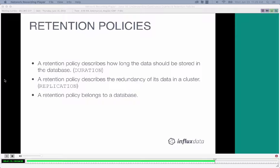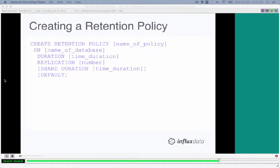A retention policy describes how long you want to store data — that's called the duration. It also describes replication if you have a cluster. Each retention policy belongs to a database, and when you write data in you can specify a retention policy, knowing that data will only stick around for the duration you've set.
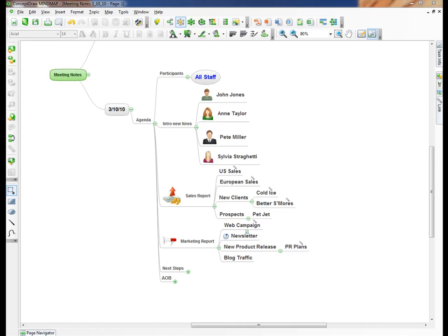Hi, this is Hobie Swan at CS Odessa, and this is part two of using ConceptDraw Mind Map to improve your meetings. Today we're going to talk about how you use the same basic map from meeting to meeting to save yourself time, to improve the efficiency of your meetings, and to keep all your projects on track.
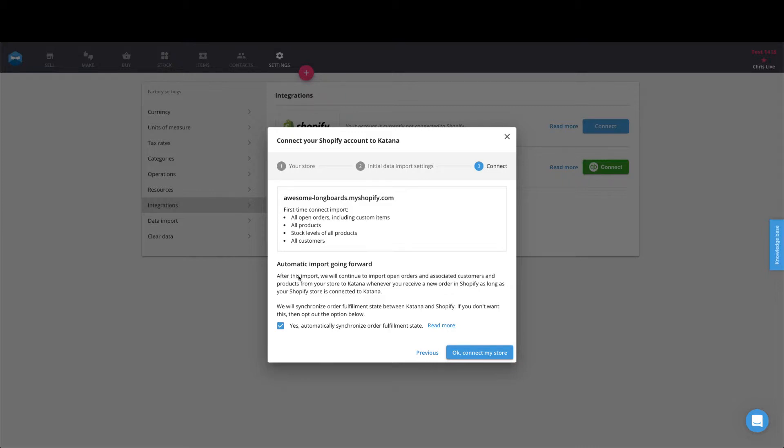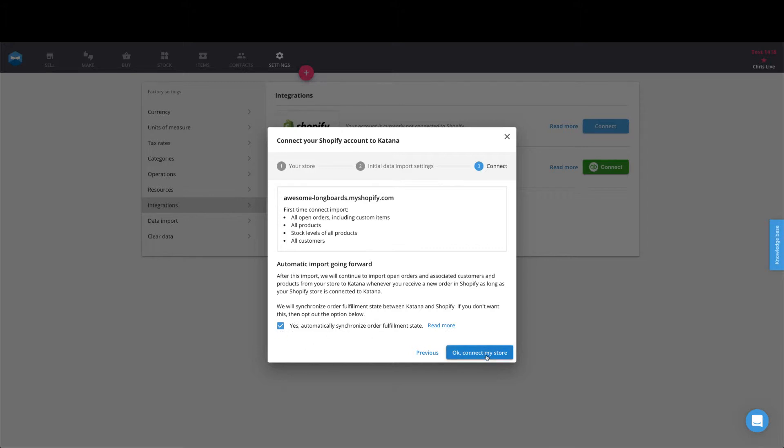You actually create a sync between them based on their fulfillment status. So if you change the fulfillment status of a sales order inside of Shopify, it will also change the corresponding sales order inside of Katana and vice versa. So anything that is marked as delivered inside of Katana will then become marked as fulfilled in Shopify. It's that simple. If you decide that you want to turn that on, just click on yes and hit OK, connect my store.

━━━━━━━━━━

§ **What the task requires**:
Transcribe the listing in full and omit the pictures.

§ **Answer section**:
A retention policy describes how long you want to store data — that's called the duration. It also describes replication if you have a cluster. Each retention policy belongs to a database, and when you write data in you can specify a retention policy, knowing that data will only stick around for the duration you've set.
Hi, this is Hobie Swan at CS Odessa, and this is part two of using ConceptDraw Mind Map to improve your meetings. Today we're going to talk about how you use the same basic map from meeting to meeting to save yourself time, to improve the efficiency of your meetings, and to keep all your projects on track.
You actually create a sync between them based on their fulfillment status. So if you change the fulfillment status of a sales order inside of Shopify, it will also change the corresponding sales order inside of Katana and vice versa. So anything that is marked as delivered inside of Katana will then become marked as fulfilled in Shopify. It's that simple. If you decide that you want to turn that on, just click on yes and hit OK, connect my store.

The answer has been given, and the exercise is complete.